MATERIAL FOR THE TASK ::
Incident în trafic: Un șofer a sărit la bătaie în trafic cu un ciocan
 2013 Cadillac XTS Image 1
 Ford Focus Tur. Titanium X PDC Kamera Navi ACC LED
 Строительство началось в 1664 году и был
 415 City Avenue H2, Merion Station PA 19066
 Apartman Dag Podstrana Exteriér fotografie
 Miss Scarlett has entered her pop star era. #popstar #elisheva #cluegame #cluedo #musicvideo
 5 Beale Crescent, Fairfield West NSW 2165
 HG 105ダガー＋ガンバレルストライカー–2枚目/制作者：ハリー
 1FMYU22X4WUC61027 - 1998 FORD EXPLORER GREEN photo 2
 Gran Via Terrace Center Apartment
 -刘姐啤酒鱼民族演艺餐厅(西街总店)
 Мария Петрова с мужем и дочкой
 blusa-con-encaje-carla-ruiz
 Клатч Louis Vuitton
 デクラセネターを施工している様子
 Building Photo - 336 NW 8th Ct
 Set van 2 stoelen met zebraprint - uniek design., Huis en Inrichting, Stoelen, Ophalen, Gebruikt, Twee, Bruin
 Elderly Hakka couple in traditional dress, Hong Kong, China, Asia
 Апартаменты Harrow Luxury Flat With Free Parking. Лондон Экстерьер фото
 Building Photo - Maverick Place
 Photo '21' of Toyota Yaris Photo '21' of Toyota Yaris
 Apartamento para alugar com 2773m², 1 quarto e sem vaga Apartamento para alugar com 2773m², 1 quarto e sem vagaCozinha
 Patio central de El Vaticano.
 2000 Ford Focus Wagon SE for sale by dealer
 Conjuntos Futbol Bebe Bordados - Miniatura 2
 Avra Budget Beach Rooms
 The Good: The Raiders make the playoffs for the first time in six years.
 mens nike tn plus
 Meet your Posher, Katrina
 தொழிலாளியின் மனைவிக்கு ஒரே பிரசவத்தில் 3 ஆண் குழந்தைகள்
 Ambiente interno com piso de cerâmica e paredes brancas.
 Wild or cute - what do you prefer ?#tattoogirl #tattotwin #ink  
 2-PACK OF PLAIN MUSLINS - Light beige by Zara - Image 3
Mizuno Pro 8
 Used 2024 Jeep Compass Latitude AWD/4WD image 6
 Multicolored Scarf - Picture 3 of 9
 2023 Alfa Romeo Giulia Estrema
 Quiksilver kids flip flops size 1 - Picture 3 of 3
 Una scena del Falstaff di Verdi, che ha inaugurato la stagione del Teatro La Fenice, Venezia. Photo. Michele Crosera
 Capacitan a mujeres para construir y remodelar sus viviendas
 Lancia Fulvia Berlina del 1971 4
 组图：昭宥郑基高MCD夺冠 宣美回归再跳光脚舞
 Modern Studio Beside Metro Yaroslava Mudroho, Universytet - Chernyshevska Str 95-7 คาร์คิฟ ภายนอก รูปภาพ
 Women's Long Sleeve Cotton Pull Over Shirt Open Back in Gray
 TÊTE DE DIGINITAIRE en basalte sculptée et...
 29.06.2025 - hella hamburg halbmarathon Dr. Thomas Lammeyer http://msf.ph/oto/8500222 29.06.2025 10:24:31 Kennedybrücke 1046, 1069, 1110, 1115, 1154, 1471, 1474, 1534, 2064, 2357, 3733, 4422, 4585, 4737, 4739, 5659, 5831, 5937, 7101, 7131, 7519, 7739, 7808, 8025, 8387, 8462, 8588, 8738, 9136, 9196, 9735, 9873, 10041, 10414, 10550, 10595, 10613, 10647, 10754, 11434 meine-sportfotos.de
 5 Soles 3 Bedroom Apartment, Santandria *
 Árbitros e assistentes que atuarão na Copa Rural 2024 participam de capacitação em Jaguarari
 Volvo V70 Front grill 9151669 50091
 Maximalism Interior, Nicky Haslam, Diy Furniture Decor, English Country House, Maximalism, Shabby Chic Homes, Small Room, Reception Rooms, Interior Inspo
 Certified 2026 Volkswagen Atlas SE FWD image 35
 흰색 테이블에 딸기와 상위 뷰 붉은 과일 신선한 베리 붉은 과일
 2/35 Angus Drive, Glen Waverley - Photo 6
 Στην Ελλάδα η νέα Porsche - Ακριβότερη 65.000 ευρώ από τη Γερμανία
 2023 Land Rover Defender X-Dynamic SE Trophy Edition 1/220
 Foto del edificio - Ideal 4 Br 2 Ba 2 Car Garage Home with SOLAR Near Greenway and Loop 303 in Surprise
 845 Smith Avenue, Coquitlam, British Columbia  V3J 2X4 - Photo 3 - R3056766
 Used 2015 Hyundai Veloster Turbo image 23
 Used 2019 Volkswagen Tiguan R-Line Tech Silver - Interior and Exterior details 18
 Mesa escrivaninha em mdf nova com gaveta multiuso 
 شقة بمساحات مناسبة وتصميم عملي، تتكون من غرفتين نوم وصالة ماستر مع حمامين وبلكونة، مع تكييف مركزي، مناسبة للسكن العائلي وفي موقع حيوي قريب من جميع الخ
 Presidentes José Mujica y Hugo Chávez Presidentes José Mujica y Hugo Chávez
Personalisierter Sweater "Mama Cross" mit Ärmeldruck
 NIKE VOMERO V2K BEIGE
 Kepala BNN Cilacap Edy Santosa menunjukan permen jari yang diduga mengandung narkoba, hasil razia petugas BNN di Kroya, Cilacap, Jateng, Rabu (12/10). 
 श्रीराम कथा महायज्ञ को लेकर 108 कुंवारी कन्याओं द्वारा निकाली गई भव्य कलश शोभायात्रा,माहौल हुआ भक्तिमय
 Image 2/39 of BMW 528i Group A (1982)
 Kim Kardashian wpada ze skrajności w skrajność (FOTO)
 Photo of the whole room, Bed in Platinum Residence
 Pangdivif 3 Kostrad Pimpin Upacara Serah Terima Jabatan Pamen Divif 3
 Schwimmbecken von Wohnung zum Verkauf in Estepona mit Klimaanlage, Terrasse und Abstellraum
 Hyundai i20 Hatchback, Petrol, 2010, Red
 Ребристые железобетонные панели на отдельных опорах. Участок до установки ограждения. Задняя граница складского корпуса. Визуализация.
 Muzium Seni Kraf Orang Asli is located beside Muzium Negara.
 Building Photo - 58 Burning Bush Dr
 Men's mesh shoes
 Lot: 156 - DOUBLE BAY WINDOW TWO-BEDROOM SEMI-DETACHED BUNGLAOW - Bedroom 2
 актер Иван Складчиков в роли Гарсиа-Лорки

TASK TO CARRY OUT :: Within the data, how many lines hold "Used"? Respond with only the number.

FINISHED EXERCISE :: 3